Worse yet, the 10/2 cable has no neutral wire but does have a ground wire. This Direct burial 10/2 is installed in 3/4" PVC Sch 40 conduit. All of this is fed via a 30amp double pole breaker (L1 and L2).
Ground and neutral bus bars are connected together in this panel so effectively Ground and Neutral are one and the same leaving this panel.
So, can I take for example take one hot wire (Black wire (L1)) using the ground wire in the same cable having it act as a shared neutral, knowing it's a ground wire typically? I read the GFCI will work without Ground, yes no Ground.. keep reading...
So it would be a 120vac circuit Using L1 and Ground/Neutral. KNOWING I have no ground (a recipe for disaster), can I then run a ground rod and ground all the outlets back to the earth ground where this branch circuit will be located? All the outlets are plastic NEMA boxes with GFCI outlets installed 15amp.
The panel box is 150' from where the GFCI circuits are located so yes there is a potential for a small difference in potential from the ground rod to the panel box.
I understand there are two ways to wire multiple 20A 120V circuits.
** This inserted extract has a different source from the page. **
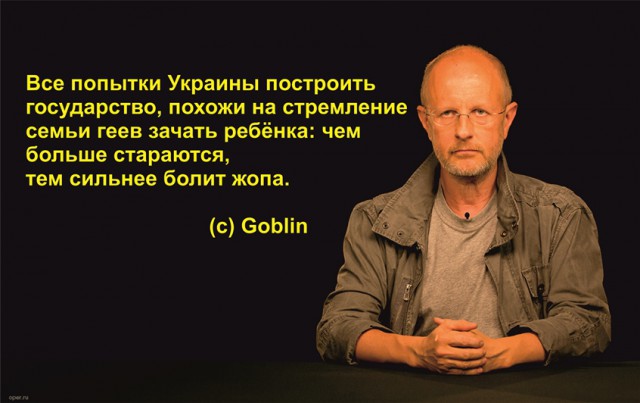 Украина Послезавтра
You can wire each one separately, in which case they use separate neutrals (e.g., 12/2 to each string of receptacles) or they can share the neutral. If they share the neutral, that is a Multiwire Branch Circuit or MWBC. An MWBC shares neutral, which saves the cost of one wire, and can do that because the current on the neutral from each leg cancels the other one out.
I think the Jury is in... the overwhelming majority so NO GO !!
I happen to have an Isolation Transformer by Victron Energy https://www.victronenergy.com/upload/documents/Datasheet-Isolation-Transformers-EN.pdf 2000watt, will this work? The theory would be to feed this with the 240vac 10/2 and just feed one 120vac circuit off of it. This appears to give me a true neutral and point for PE ground.